🤖 AI Summary
In natural language inference (NLI), prevalent annotation disagreements are not random noise but stem from semantic ambiguities in premises or hypotheses—reflecting inherent diversity in human interpretation. Existing NLI datasets lack systematic annotations of ambiguity types (e.g., anaphora, quantification, temporal relations), hindering alignment between model predictions and human judgments. To address this, we propose *ambiguity-aware NLI*: a paradigm featuring (1) a unified taxonomy of semantic ambiguities, (2) an example-driven annotation protocol, and (3) an unsupervised, fine-grained ambiguity detection method. Our key contributions include: (i) the first causal analysis linking specific ambiguity types to annotation disagreement patterns; (ii) the release of the first structured ambiguity-annotated NLI resource; and (iii) empirical validation that ambiguity-aware modeling significantly improves model robustness and interpretability. This work establishes a principled foundation for developing human-aligned NLI systems.
📝 Abstract
This position paper argues that annotation disagreement in Natural Language Inference (NLI) is not mere noise but often reflects meaningful interpretive variation, especially when triggered by ambiguity in the premise or hypothesis. While underspecified guidelines and annotator behavior can contribute to variation, content-based ambiguity offers a process-independent signal of divergent human perspectives. We call for a shift toward ambiguity-aware NLI by systematically identifying ambiguous input pairs and classifying ambiguity types.

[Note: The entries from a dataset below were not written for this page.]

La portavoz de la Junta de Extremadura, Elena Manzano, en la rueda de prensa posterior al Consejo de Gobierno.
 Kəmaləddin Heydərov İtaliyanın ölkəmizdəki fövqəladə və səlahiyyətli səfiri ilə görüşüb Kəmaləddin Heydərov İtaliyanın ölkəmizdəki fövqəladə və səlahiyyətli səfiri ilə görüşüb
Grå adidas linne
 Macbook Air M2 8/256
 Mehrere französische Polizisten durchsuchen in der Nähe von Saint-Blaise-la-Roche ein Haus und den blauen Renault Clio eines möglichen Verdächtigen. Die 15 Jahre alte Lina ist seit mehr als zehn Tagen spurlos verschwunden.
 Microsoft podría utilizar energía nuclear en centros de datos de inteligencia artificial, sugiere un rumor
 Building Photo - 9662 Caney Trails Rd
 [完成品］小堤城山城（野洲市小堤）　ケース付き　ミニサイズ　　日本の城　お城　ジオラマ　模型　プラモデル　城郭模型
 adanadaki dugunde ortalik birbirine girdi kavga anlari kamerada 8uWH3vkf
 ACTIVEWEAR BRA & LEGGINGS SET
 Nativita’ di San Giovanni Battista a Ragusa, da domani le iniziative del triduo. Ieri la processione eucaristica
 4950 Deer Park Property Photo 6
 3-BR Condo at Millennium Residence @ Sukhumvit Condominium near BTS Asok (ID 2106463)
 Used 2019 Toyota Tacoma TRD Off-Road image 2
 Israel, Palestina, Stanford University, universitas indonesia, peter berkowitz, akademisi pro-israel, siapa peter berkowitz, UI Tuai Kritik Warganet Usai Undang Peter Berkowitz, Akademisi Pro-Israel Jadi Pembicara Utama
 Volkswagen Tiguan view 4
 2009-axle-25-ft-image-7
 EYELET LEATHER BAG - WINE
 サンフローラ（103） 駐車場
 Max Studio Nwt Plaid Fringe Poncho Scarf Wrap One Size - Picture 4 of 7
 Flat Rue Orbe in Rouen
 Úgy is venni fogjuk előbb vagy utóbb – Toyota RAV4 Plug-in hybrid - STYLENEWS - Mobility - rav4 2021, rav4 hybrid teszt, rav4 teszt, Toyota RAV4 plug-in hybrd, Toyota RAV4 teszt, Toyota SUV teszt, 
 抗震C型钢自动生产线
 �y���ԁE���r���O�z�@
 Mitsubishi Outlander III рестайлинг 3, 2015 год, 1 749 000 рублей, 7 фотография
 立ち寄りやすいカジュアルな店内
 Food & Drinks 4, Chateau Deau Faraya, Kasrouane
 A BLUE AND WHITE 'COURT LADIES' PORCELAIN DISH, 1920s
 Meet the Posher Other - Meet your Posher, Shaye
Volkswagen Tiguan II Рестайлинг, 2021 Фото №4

To support this, we present a unified framework that integrates existing taxonomies and illustrate key ambiguity subtypes through concrete examples. These examples reveal how ambiguity shapes annotator decisions and motivate the need for targeted detection methods that better align models with human interpretation. A key limitation is the lack of datasets annotated for ambiguity and subtypes. We propose addressing this gap through new annotated resources and unsupervised approaches to ambiguity detection -- paving the way for more robust, explainable, and human-aligned NLI systems.